IAM Conditions with IPs OR VPC Endpoints

Posted by Elliot Segler on Fri 12 March 2021 Updated on Sat 13 March 2021

Security is usually the most important consideration for us, and our customers workloads in my work at Modis. In many of our accounts, we've adopted a security model for Staff Identity Federation that allows us to build "islands of identity". This model allows us to integrate with identity providers like ADFS or Azure AD, manage access using groups and role base access controls (RBAC).

In addition to this, we also commonly apply layers of security that contstrain our users to specific known IP address ranges, usually including staff offices and the existing cloud environment.

We've previously written a case study on just that here, which my colleague James wrote here: Securing The Land Registry in the Cloud

Recently, the team have been uplifting the network environment to make heavier use of VPC Endpoints for all the common services we access. This increases our security posture by ensuring traffic destined to AWS Service Endpoints stays in the AWS network, and helps to reduce cost because we no longer pay the data transfer costs for our NAT Gateways for this traffic.

After deploying the VPC Endpoint for STS, we noticed that some of our AssumeRole calls were failing from within our VPCs, even after we had added our private address space in our policies that apply our IP Restrictions. After some digging and some assistance from the team at AWS Support, we landed on a single policy that does both, but I wanted to talk about the policy syntax here, hopefully to save someone some struggle later.

The issue we ran into stems from the fact that IAM Policies aren't (at the time of writing this) able to support the conditional "OR" logic when using multiple conditions for a given statement. If you write a policy with multiple conditions they are evaluated with AND logic. The AWS documentation explains this pretty well here.

A truncated example of the trust policy for the target role policy we landed on is below:

{
  "Version": "2012-10-17",
  "Statement": [
    ... REMOVED FOR BREVITY ...
    {
      "Effect": "Deny",
      "Principal": {
        "AWS": "arn:aws:iam::XXXXXXXXXXXX:role/AssumeRoleSource"
      },
      "Action": "sts:AssumeRole",
      "Condition": {
        "NotIpAddressIfExists": {
          "aws:SourceIp": [
            "1.2.3.0/24",
            "4.3.2.1/32",
            "10.0.0.0/8",       
          ]
        },
        "StringNotLikeIfExists": {
          "aws:SourceVPCe": [
            "vpce-aaaaaaaaaaaaaa"
          ]
        }
      }
    }
  ]
}

The deny statement is interesting for two reasons. Normally we'd be using a single NotIpAddress here with a list of the known IP addresses. Note that this is unfortuately written as a double negative, that is Deny requests from places we don't recognise. If you were to look at the requests that were failing in CloudTrail, you'd see that all the requests coming in from our VPCs have both the VPCEndpoint and a SourceIP field. What's important to note is that even though they are logged, you need to pay attention to when IAM actually sees those fields. What we learnt is that if your requests are coming from a VPC Endpoint the SourceIP is not set. Similarly, if the traffic from from the internet, you won't find a VPC Endpoint field.

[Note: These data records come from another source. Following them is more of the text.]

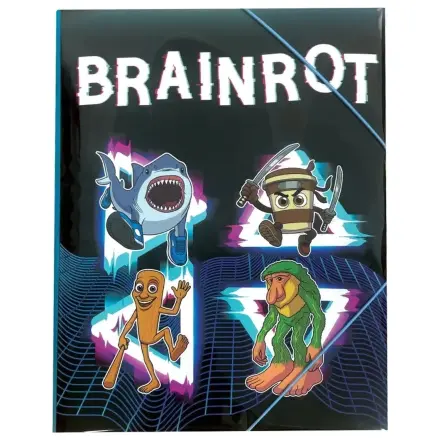 Brainrot Dark A/4 Gumowa Teczka zdjęcie produktu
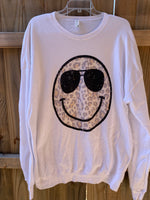 Leopard Smiley Sweatshirt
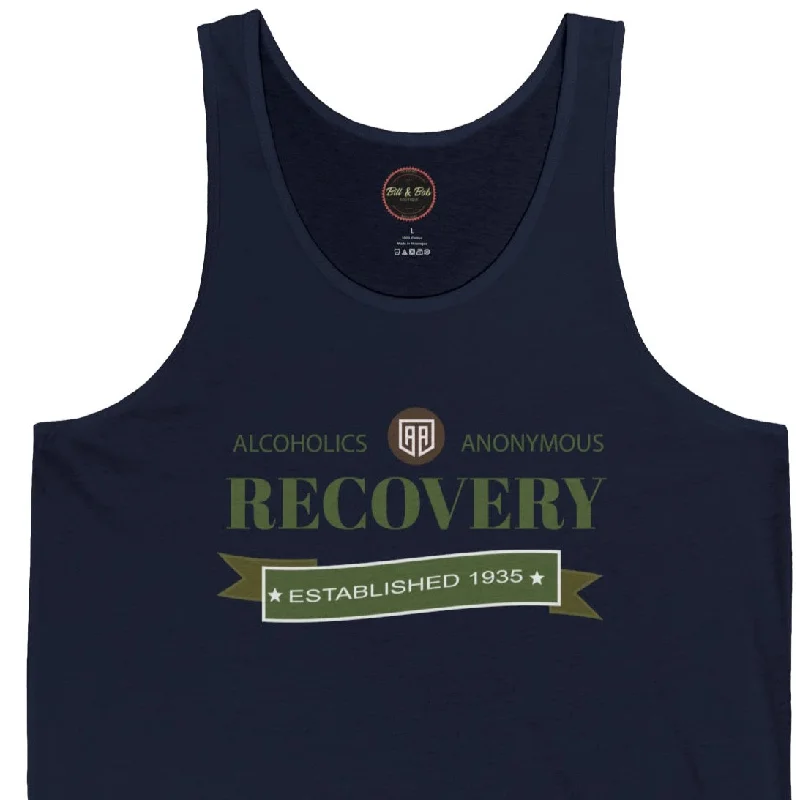 Recovery AA Unisex Jersey Tank Sustainable Jersey Tee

The StringNotLikeIfExists resolves to True if the condition key doesn't exist in the request, and allows us to do a conditional OR in a really obtuse manner. The ...IfExists keys are worth a read into and understanding, because they are a powerful IAM feature.

There's one other way we could have written this policy, if we had multiple endpoints but still wanted to use private IP space, and that's the aws:VpcSourceIp key. You could put the private IP space for all your VPC ranges across multiple VPCs (even accounts). Our VPC endpoints live near our Transit Gateway infrastructure because there's a cost optimisation strategy there, so we wouldn't benefit much from this kind of policy over specifying specific endpoints (and I belive the latter is probably more secure anyway).